• Supplied material
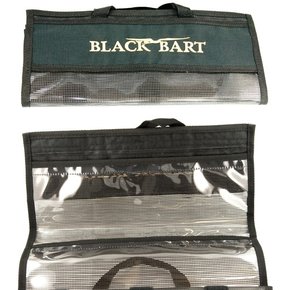 6 Pocket Medium Lure Bag-15" x 6" - Black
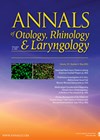 Annals of Otology, Rhinology & Laryngology journal cover image.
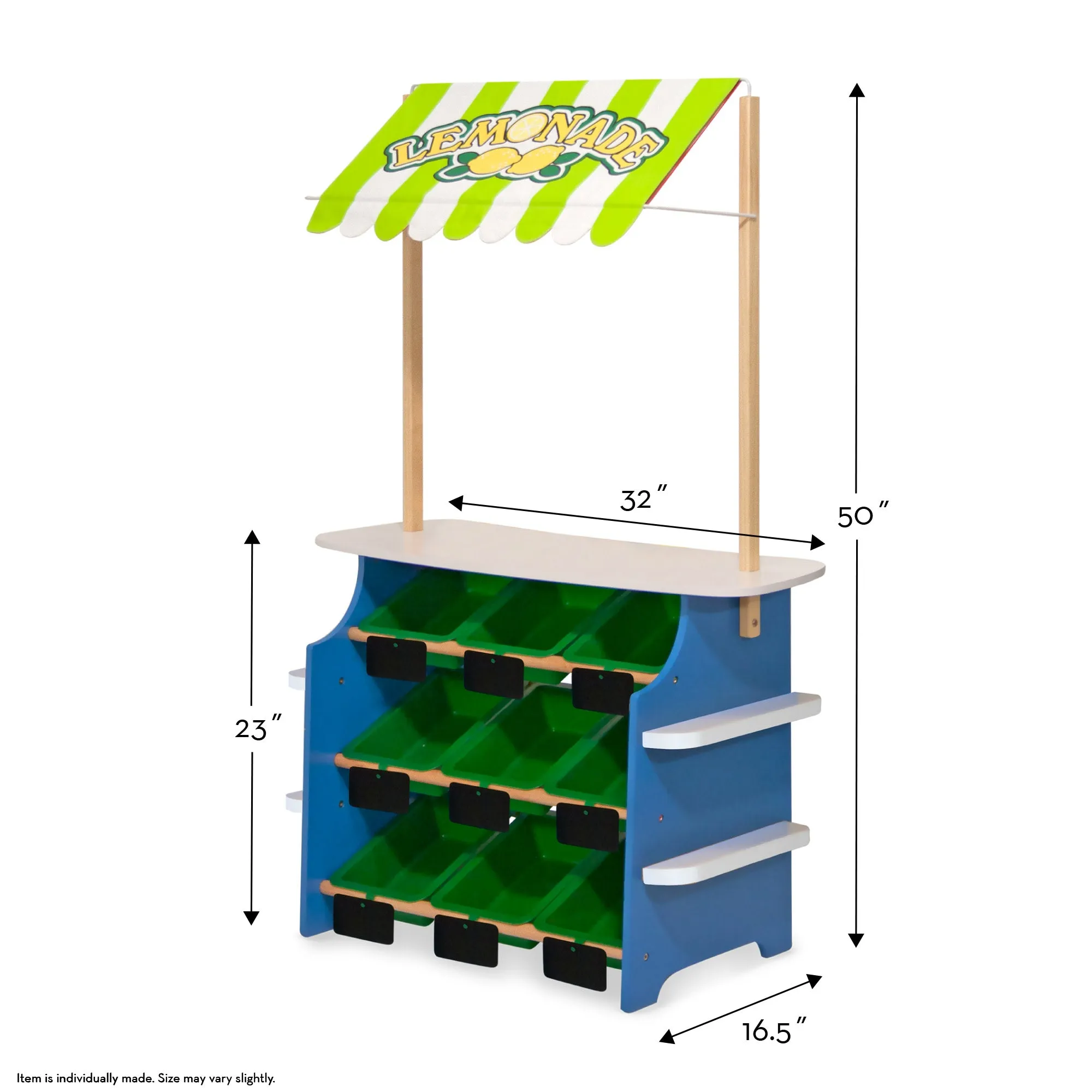 Wooden Grocery Store / Lemonade Stand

• What to do
Please print the data above once more, exactly and without images.

• Solution to the problem
 6 Pocket Medium Lure Bag-15" x 6" - Black
 Annals of Otology, Rhinology & Laryngology journal cover image.
 Wooden Grocery Store / Lemonade Stand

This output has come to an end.